Issue (i): Whether infrastructure data centre charges received by the assessee were taxable as royalty under the Income-tax Act, 1961 and the India-Singapore Double Taxation Avoidance Agreement.
Analysis: The issue was treated as recurring and identical to earlier years in the assessee's own case. The Tribunal followed its coordinate bench decisions, which had held that infrastructure data centre services consisting of IT infrastructure management, mailbox hosting, and website hosting did not involve the use or right to use any software, process, equipment, or secret industrial information in the manner required for royalty treatment. In the absence of any change in facts or law, the earlier view was applied.
Conclusion: The receipt was not taxable as royalty. The addition relating to infrastructure data centre charges was deleted in favour of the assessee.
Issue (ii): Whether management service fees received by the assessee were taxable as royalty under the Income-tax Act, 1961 and the India-Singapore Double Taxation Avoidance Agreement.
Analysis: The issue was again found to be covered by earlier orders in the assessee's own case. The Tribunal followed the consistent view that the management service arrangement did not amount to royalty under section 9(1)(vi) of the Income-tax Act, 1961 read with Article 12 of the treaty.
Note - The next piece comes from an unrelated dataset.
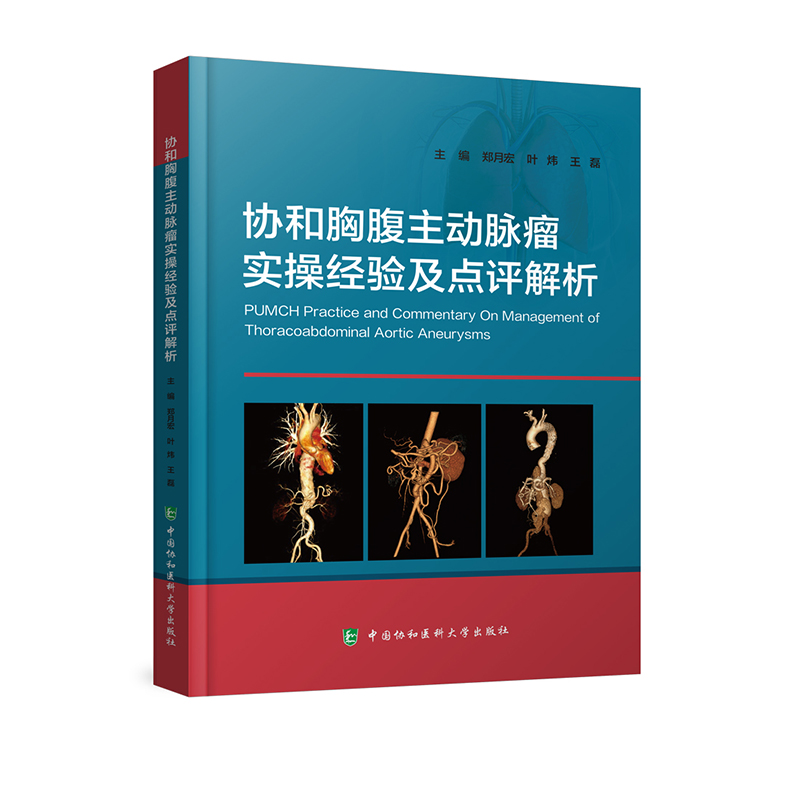 协和胸腹主动脉瘤实操经验及点评解析 介绍TAAA腔内治疗疑难病例的管理 手术方案的设计 郑月宏 叶炜 王磊 中国协和医科大学出版 书籍/杂志/报纸 肿瘤学 原图主图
No new material or distinguishing feature was shown for the relevant assessment year, and the earlier reasoning was applied without departure.
Conclusion: The receipt was not taxable as royalty. The addition relating to management service fees was deleted in favour of the assessee.
Final Conclusion: The assessment additions made by treating both streams of receipts as royalty were set aside, and the assessee obtained full relief in the appeal.
Ratio Decidendi: Where receipts are for standard infrastructure support or service arrangements and the material facts remain unchanged, they cannot be taxed as royalty merely because they arise from technology-enabled or overseas-hosted services, unless the payer is shown to have obtained a right to use software, equipment, process, or other royalty-bearing rights.